◆ The data:
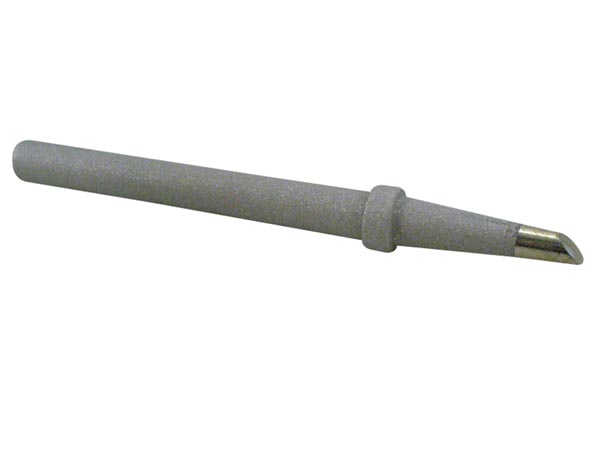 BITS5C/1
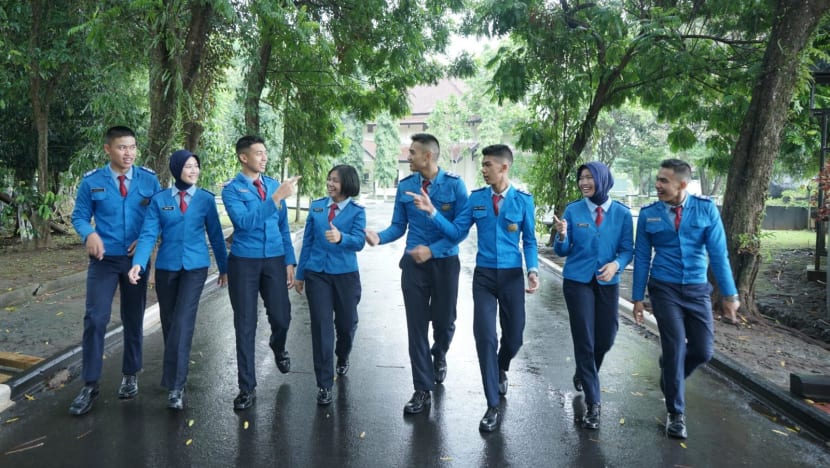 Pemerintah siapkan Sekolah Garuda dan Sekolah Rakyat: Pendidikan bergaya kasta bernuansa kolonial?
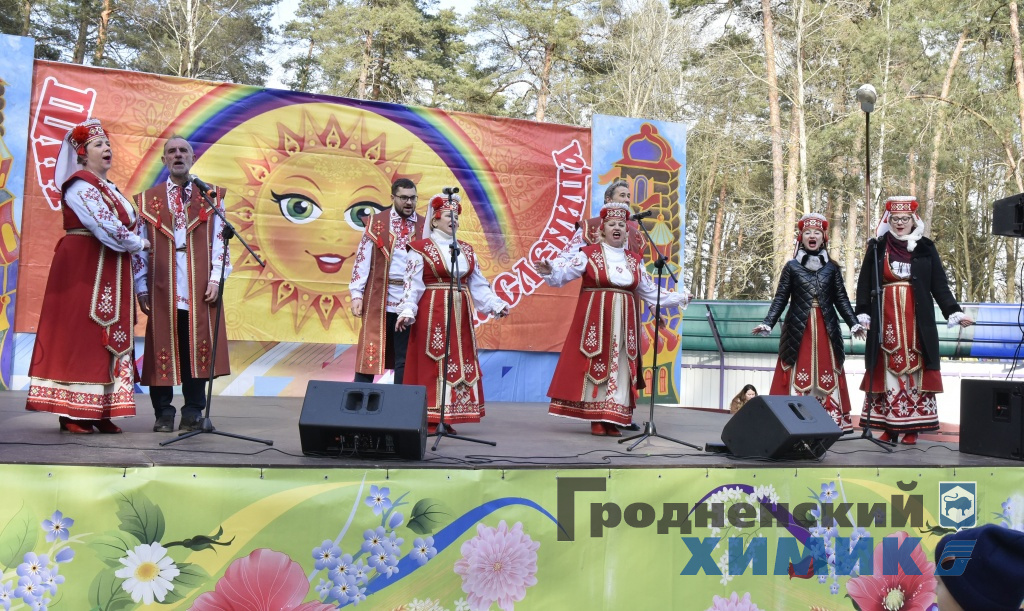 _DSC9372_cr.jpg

◆ Exercise requirements: The material above should be printed again exactly, with each picture left out.

◆ Exercise result:
 BITS5C/1
 Pemerintah siapkan Sekolah Garuda dan Sekolah Rakyat: Pendidikan bergaya kasta bernuansa kolonial?
 _DSC9372_cr.jpg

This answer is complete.